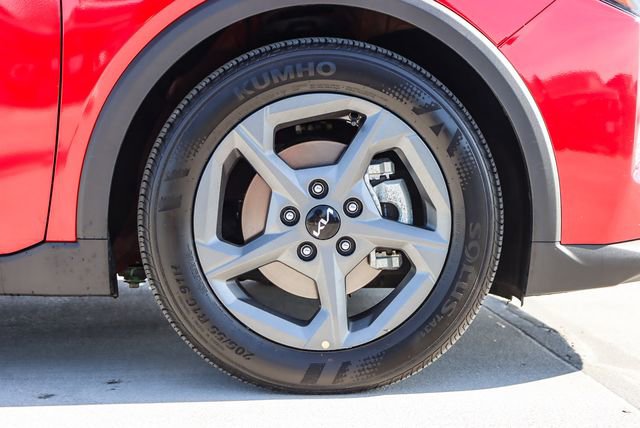 Used 2025 Kia K4 LXS image 11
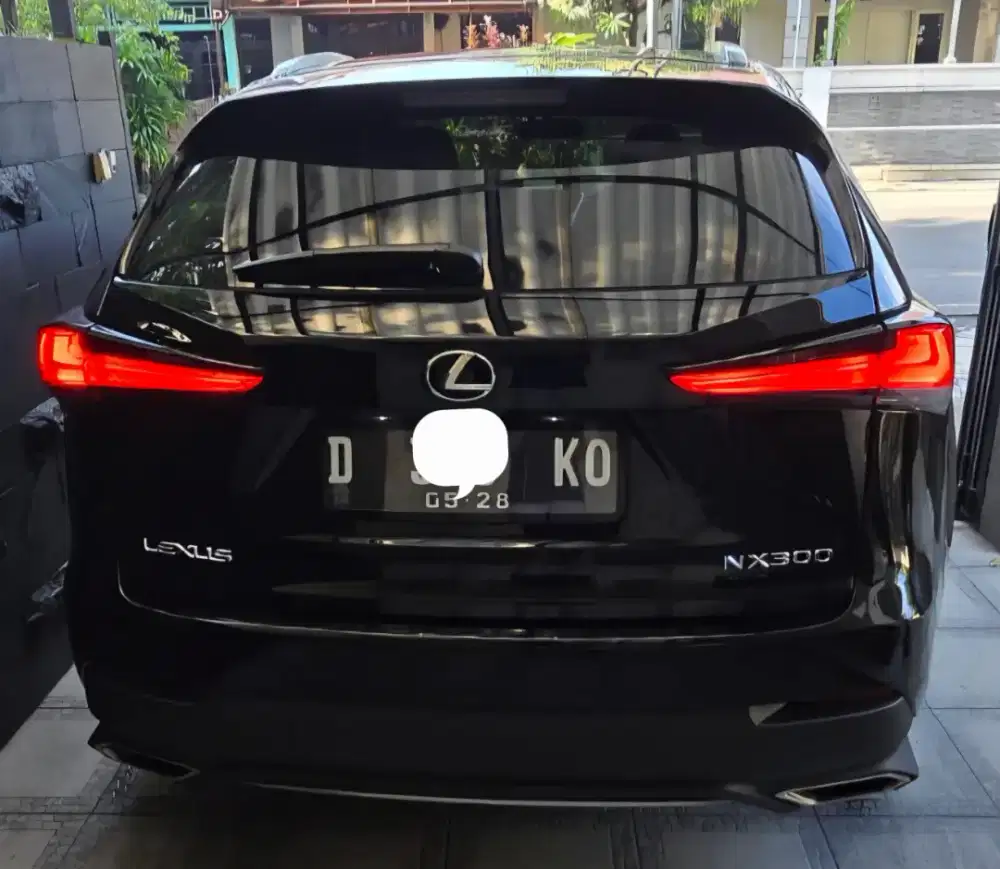 Lexus NX300 Hitam istimewa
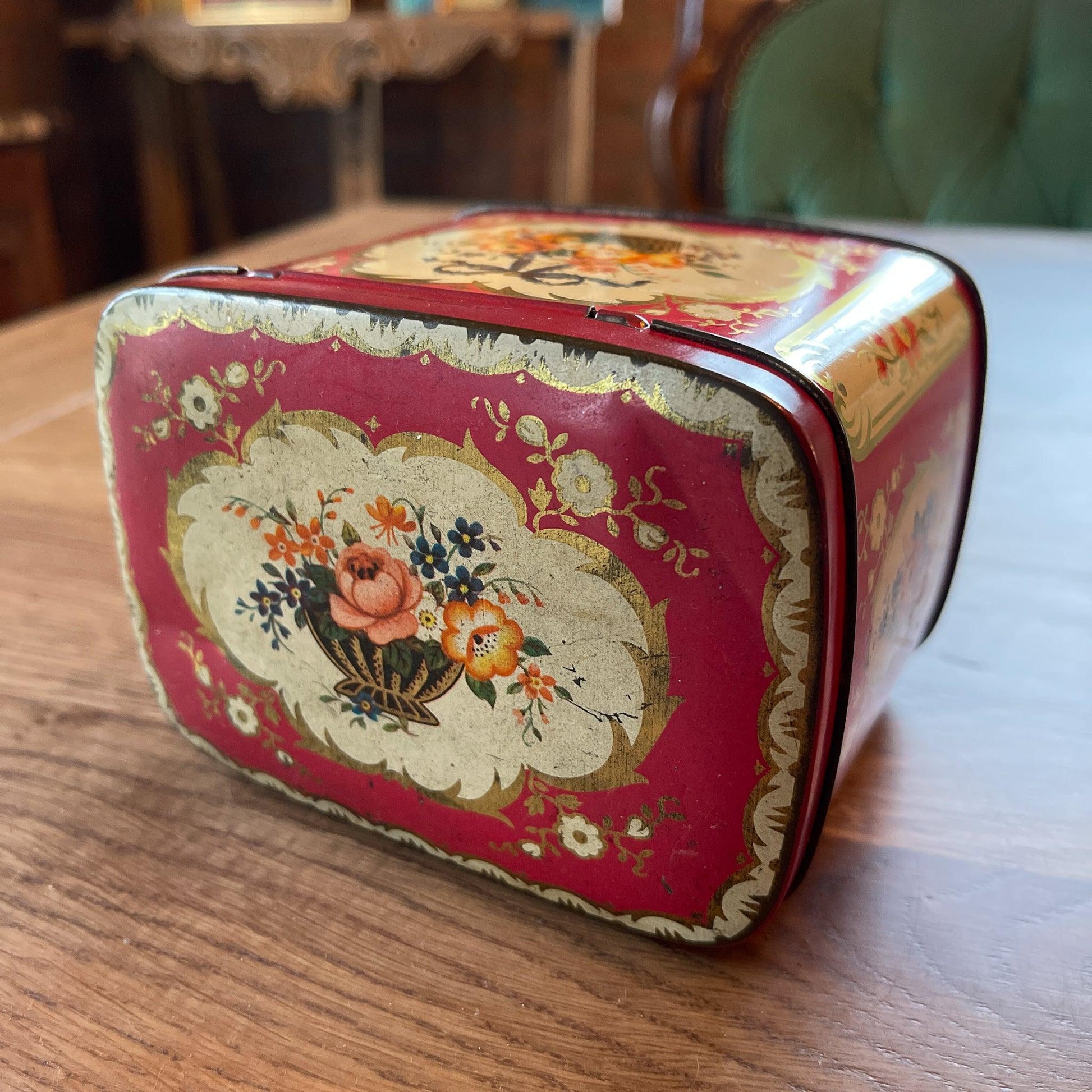 Prachtig rood blikje met bloemen - Bamestra Curiosa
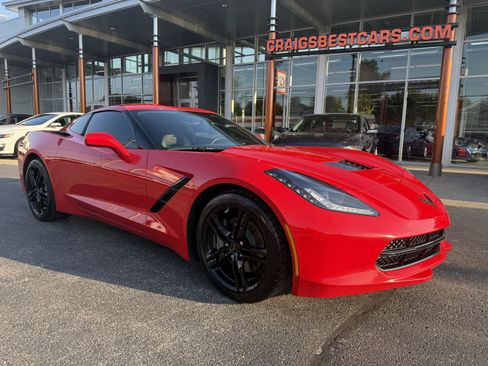 Used 2017 Chevrolet Corvette Stingray Coupe w/ 1LT RWD image 2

★ ★ ★ ★ ★

Description of the task: All of the preceding material should be output verbatim, with the pictures excluded.

Written answer:
 Used 2025 Kia K4 LXS image 11
 Lexus NX300 Hitam istimewa
 Prachtig rood blikje met bloemen - Bamestra Curiosa
 Used 2017 Chevrolet Corvette Stingray Coupe w/ 1LT RWD image 2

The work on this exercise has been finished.